**Dataset excerpts:**
+-------+

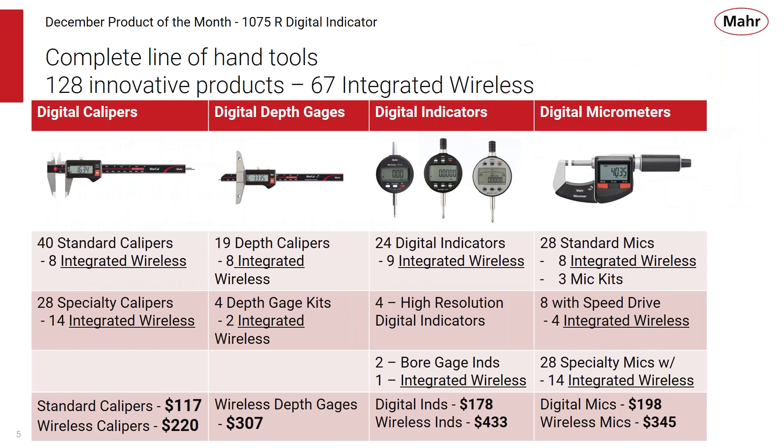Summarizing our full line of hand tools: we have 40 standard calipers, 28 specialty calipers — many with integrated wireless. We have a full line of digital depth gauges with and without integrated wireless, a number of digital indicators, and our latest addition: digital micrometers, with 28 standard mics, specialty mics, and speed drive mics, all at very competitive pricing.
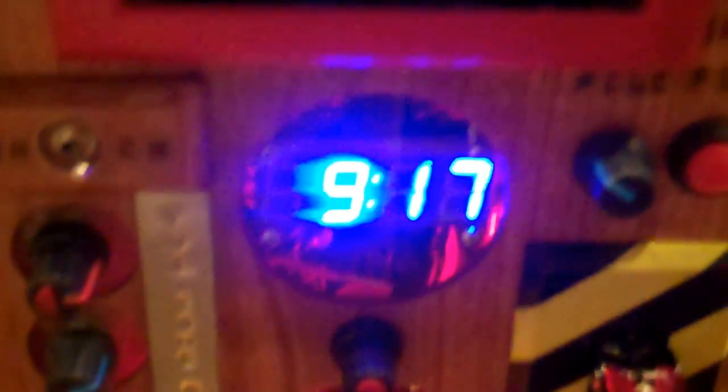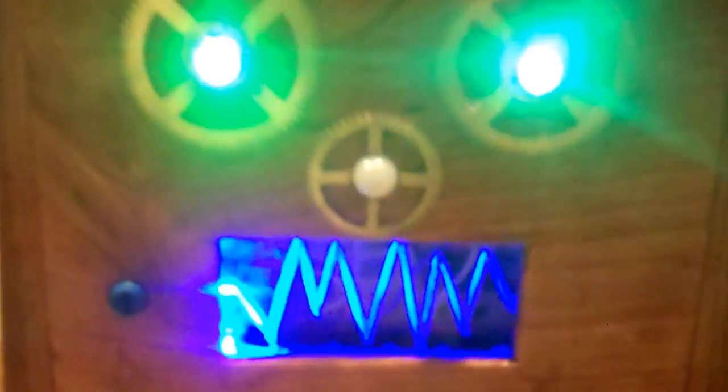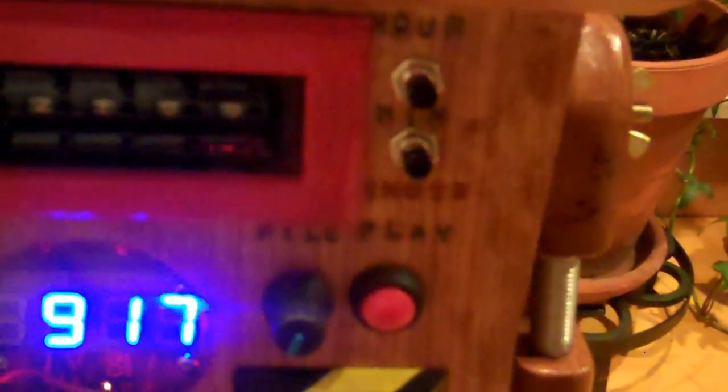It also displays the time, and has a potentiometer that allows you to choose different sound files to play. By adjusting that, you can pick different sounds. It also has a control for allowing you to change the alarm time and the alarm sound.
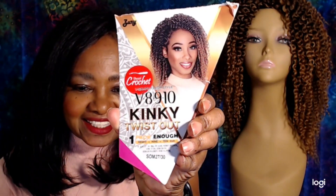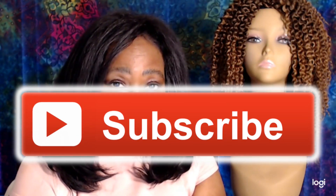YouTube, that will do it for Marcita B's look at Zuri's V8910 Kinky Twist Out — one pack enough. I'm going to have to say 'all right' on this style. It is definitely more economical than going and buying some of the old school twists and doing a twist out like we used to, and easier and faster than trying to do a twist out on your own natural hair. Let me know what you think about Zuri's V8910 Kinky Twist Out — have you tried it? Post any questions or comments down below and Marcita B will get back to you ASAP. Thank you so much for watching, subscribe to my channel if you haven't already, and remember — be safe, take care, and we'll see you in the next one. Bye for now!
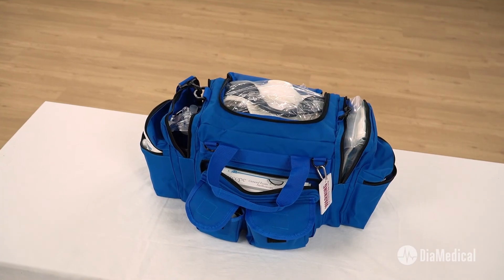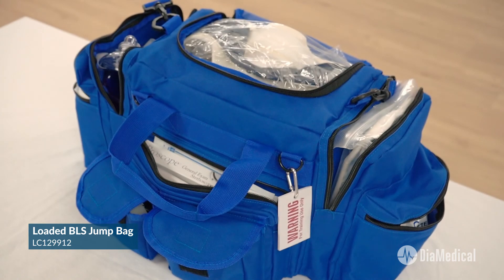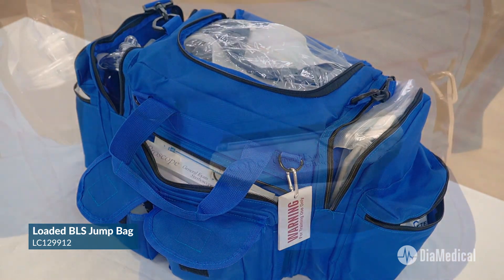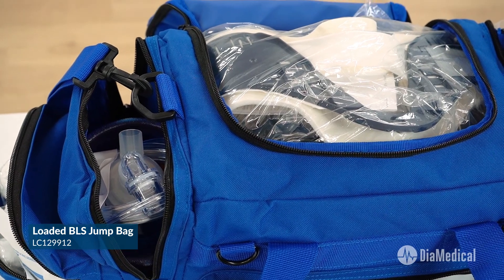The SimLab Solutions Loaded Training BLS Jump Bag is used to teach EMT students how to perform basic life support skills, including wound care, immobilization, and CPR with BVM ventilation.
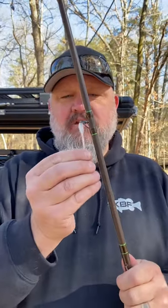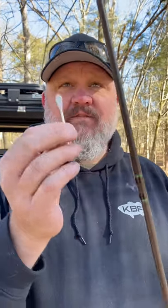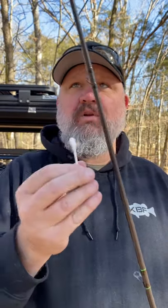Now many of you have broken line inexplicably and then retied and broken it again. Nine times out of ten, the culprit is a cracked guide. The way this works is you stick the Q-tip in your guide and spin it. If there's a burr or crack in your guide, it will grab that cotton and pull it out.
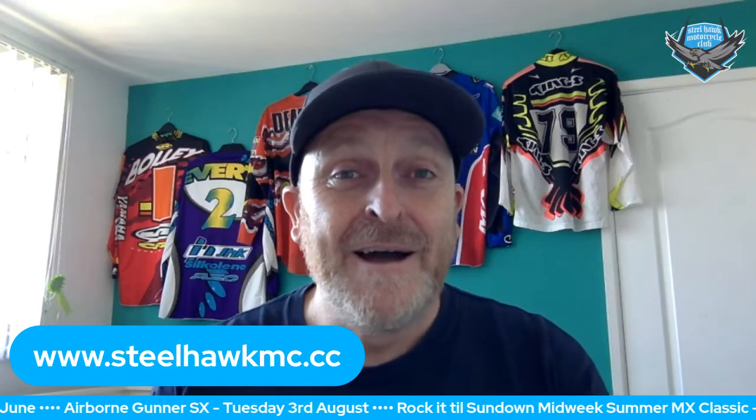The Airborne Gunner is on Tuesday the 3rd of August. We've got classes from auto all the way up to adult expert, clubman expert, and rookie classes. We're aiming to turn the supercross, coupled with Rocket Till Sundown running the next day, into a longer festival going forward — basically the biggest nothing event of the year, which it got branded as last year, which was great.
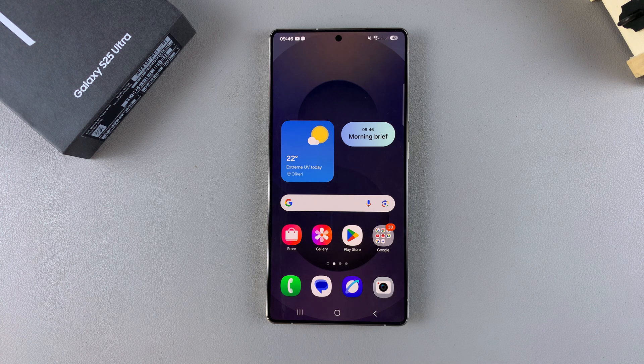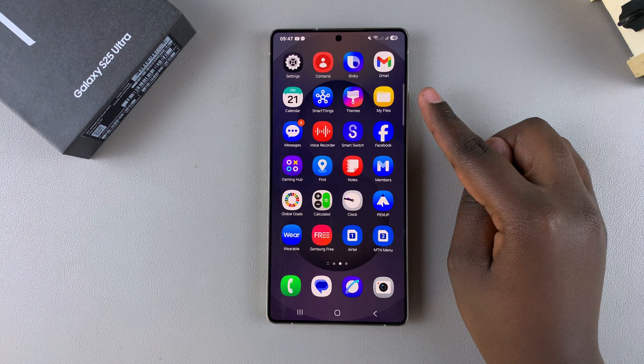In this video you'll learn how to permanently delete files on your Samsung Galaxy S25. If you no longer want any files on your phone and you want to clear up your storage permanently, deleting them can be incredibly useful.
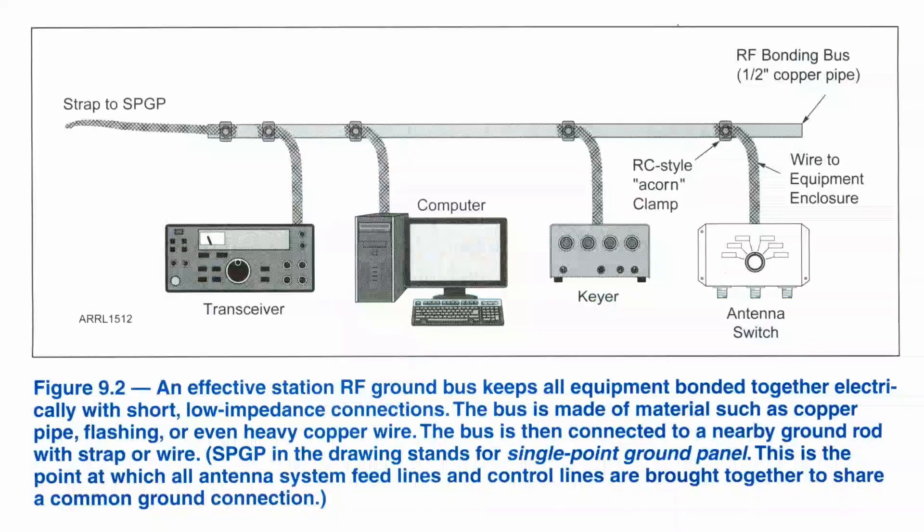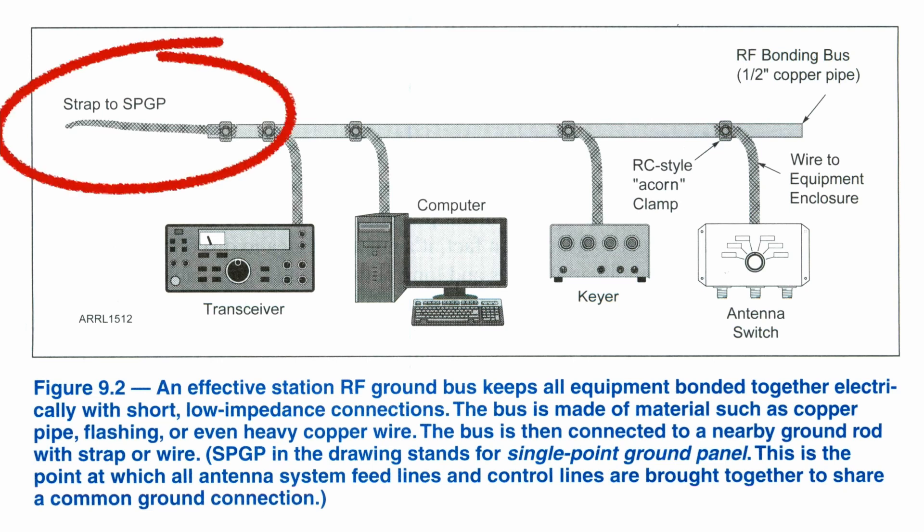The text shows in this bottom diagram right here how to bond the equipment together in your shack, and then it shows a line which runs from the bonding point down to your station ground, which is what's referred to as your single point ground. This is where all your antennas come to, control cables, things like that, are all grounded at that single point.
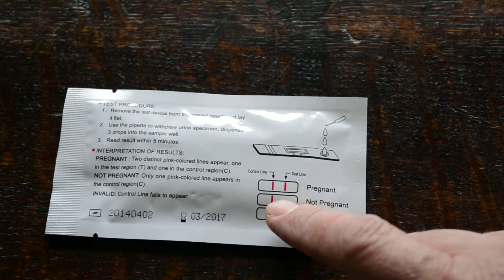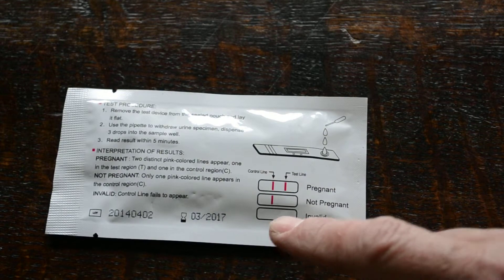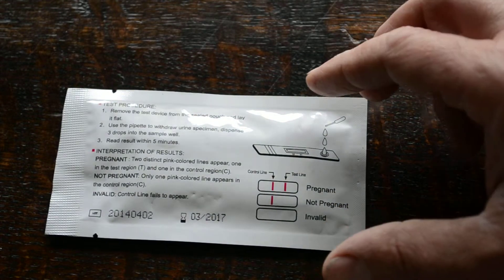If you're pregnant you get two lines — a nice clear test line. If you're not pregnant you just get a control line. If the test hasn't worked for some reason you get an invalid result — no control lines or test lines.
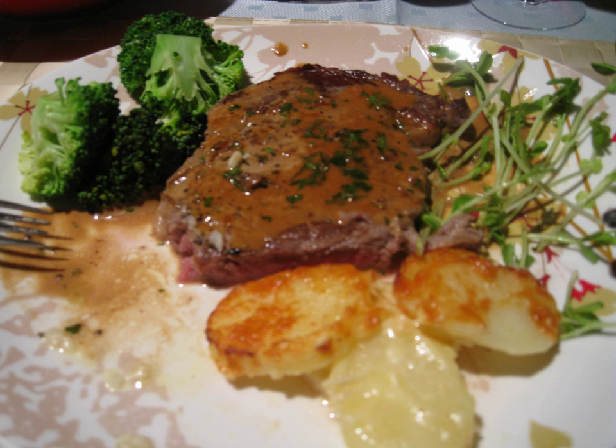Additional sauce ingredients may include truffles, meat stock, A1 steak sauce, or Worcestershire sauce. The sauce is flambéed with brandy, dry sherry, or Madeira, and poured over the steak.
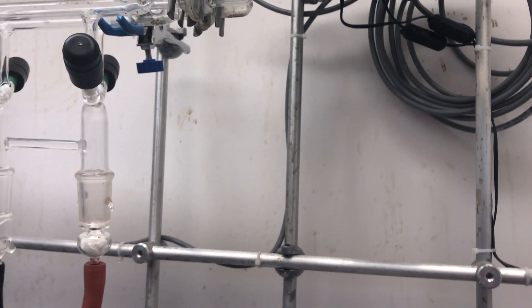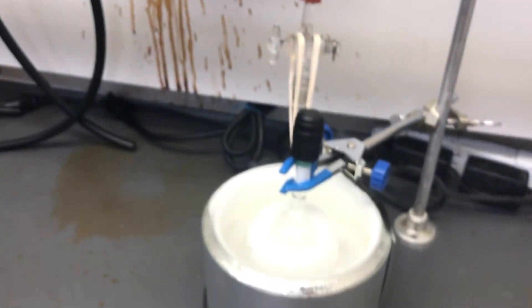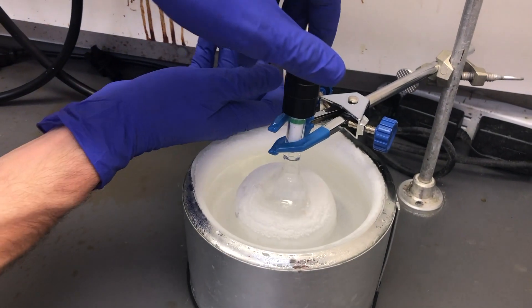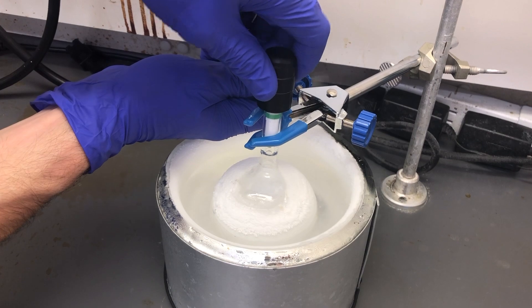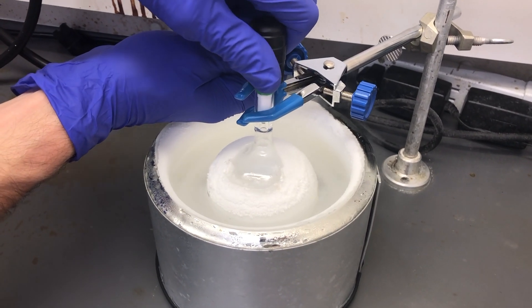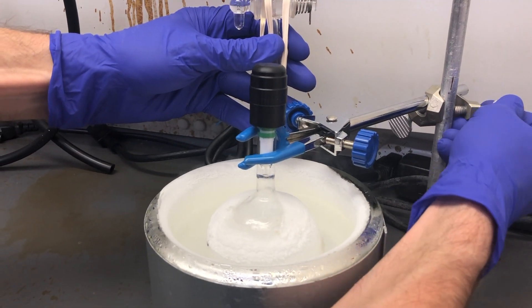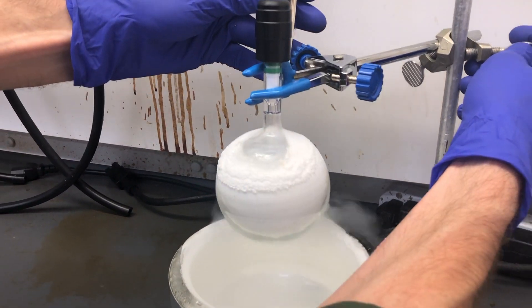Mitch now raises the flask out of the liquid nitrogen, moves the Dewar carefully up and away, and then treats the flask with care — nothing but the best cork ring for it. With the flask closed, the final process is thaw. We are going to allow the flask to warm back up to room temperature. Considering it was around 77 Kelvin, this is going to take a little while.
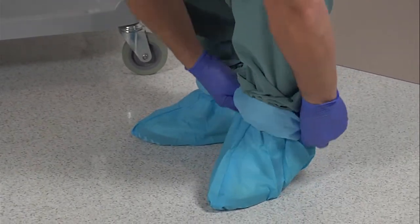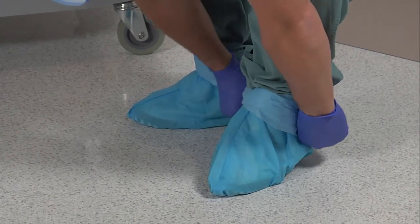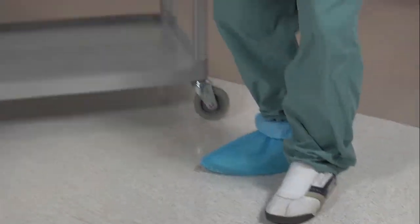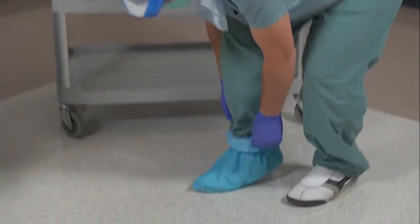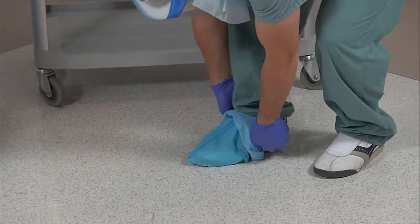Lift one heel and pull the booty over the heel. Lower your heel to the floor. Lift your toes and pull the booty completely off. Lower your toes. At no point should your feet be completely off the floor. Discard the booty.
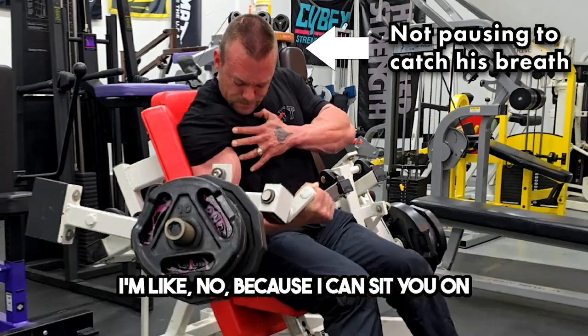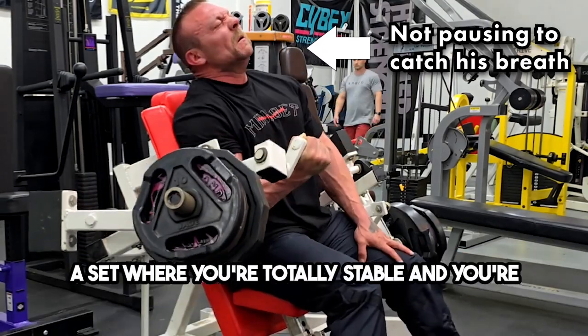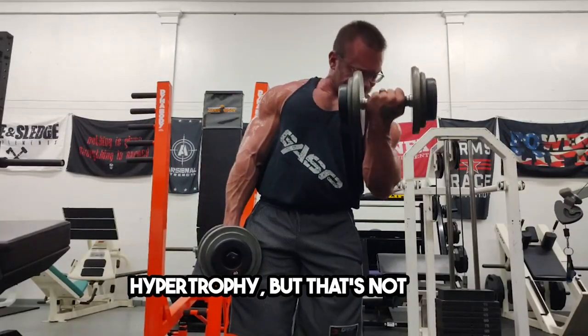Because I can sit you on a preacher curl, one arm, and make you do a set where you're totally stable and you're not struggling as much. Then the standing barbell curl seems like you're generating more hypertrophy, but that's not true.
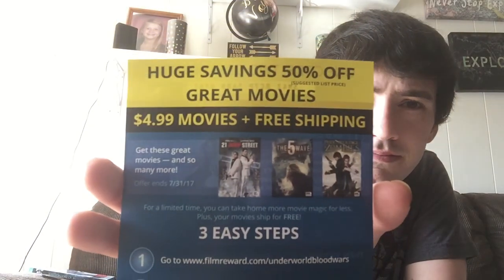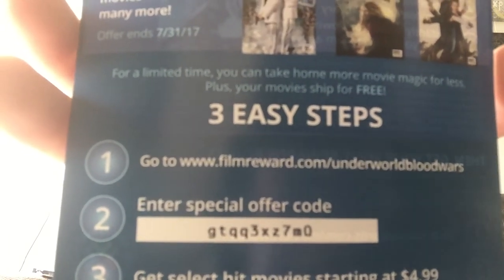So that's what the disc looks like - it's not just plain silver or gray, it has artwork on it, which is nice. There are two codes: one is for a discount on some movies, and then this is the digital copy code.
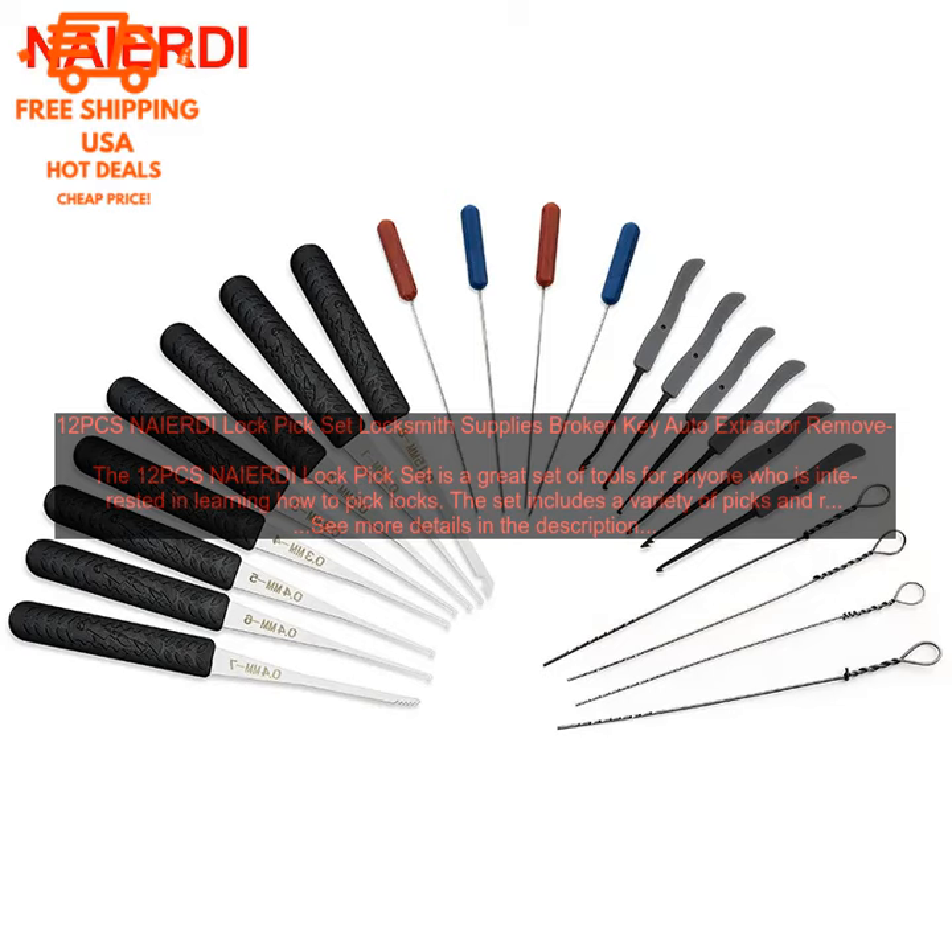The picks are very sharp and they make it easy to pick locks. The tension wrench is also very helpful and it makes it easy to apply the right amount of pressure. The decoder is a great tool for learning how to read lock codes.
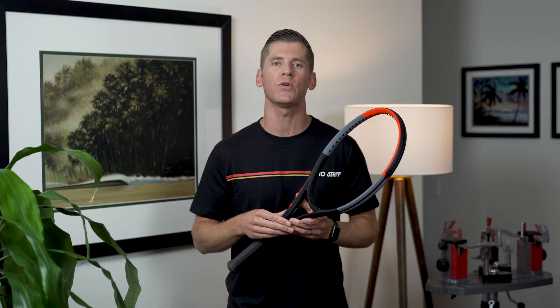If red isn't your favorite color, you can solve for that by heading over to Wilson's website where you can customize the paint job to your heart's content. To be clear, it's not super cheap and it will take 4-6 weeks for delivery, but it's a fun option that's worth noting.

+-------+

**WORK ORDER:** Write out each line again, exactly as it appears above, except for any picture.

**ANSWER AREA:**
Summarizing our full line of hand tools: we have 40 standard calipers, 28 specialty calipers — many with integrated wireless. We have a full line of digital depth gauges with and without integrated wireless, a number of digital indicators, and our latest addition: digital micrometers, with 28 standard mics, specialty mics, and speed drive mics, all at very competitive pricing.
It also displays the time, and has a potentiometer that allows you to choose different sound files to play. By adjusting that, you can pick different sounds. It also has a control for allowing you to change the alarm time and the alarm sound.
YouTube, that will do it for Marcita B's look at Zuri's V8910 Kinky Twist Out — one pack enough. I'm going to have to say 'all right' on this style. It is definitely more economical than going and buying some of the old school twists and doing a twist out like we used to, and easier and faster than trying to do a twist out on your own natural hair. Let me know what you think about Zuri's V8910 Kinky Twist Out — have you tried it? Post any questions or comments down below and Marcita B will get back to you ASAP. Thank you so much for watching, subscribe to my channel if you haven't already, and remember — be safe, take care, and we'll see you in the next one. Bye for now!
The SimLab Solutions Loaded Training BLS Jump Bag is used to teach EMT students how to perform basic life support skills, including wound care, immobilization, and CPR with BVM ventilation.
Now many of you have broken line inexplicably and then retied and broken it again. Nine times out of ten, the culprit is a cracked guide. The way this works is you stick the Q-tip in your guide and spin it. If there's a burr or crack in your guide, it will grab that cotton and pull it out.
The Airborne Gunner is on Tuesday the 3rd of August. We've got classes from auto all the way up to adult expert, clubman expert, and rookie classes. We're aiming to turn the supercross, coupled with Rocket Till Sundown running the next day, into a longer festival going forward — basically the biggest nothing event of the year, which it got branded as last year, which was great.
In this video you'll learn how to permanently delete files on your Samsung Galaxy S25. If you no longer want any files on your phone and you want to clear up your storage permanently, deleting them can be incredibly useful.
The text shows in this bottom diagram right here how to bond the equipment together in your shack, and then it shows a line which runs from the bonding point down to your station ground, which is what's referred to as your single point ground. This is where all your antennas come to, control cables, things like that, are all grounded at that single point.
If you're pregnant you get two lines — a nice clear test line. If you're not pregnant you just get a control line. If the test hasn't worked for some reason you get an invalid result — no control lines or test lines.
Additional sauce ingredients may include truffles, meat stock, A1 steak sauce, or Worcestershire sauce. The sauce is flambéed with brandy, dry sherry, or Madeira, and poured over the steak.
Mitch now raises the flask out of the liquid nitrogen, moves the Dewar carefully up and away, and then treats the flask with care — nothing but the best cork ring for it. With the flask closed, the final process is thaw. We are going to allow the flask to warm back up to room temperature. Considering it was around 77 Kelvin, this is going to take a little while.
Lift one heel and pull the booty over the heel. Lower your heel to the floor. Lift your toes and pull the booty completely off. Lower your toes. At no point should your feet be completely off the floor. Discard the booty.
Because I can sit you on a preacher curl, one arm, and make you do a set where you're totally stable and you're not struggling as much. Then the standing barbell curl seems like you're generating more hypertrophy, but that's not true.
So that's what the disc looks like - it's not just plain silver or gray, it has artwork on it, which is nice. There are two codes: one is for a discount on some movies, and then this is the digital copy code.
The picks are very sharp and they make it easy to pick locks. The tension wrench is also very helpful and it makes it easy to apply the right amount of pressure. The decoder is a great tool for learning how to read lock codes.
If red isn't your favorite color, you can solve for that by heading over to Wilson's website where you can customize the paint job to your heart's content. To be clear, it's not super cheap and it will take 4-6 weeks for delivery, but it's a fun option that's worth noting.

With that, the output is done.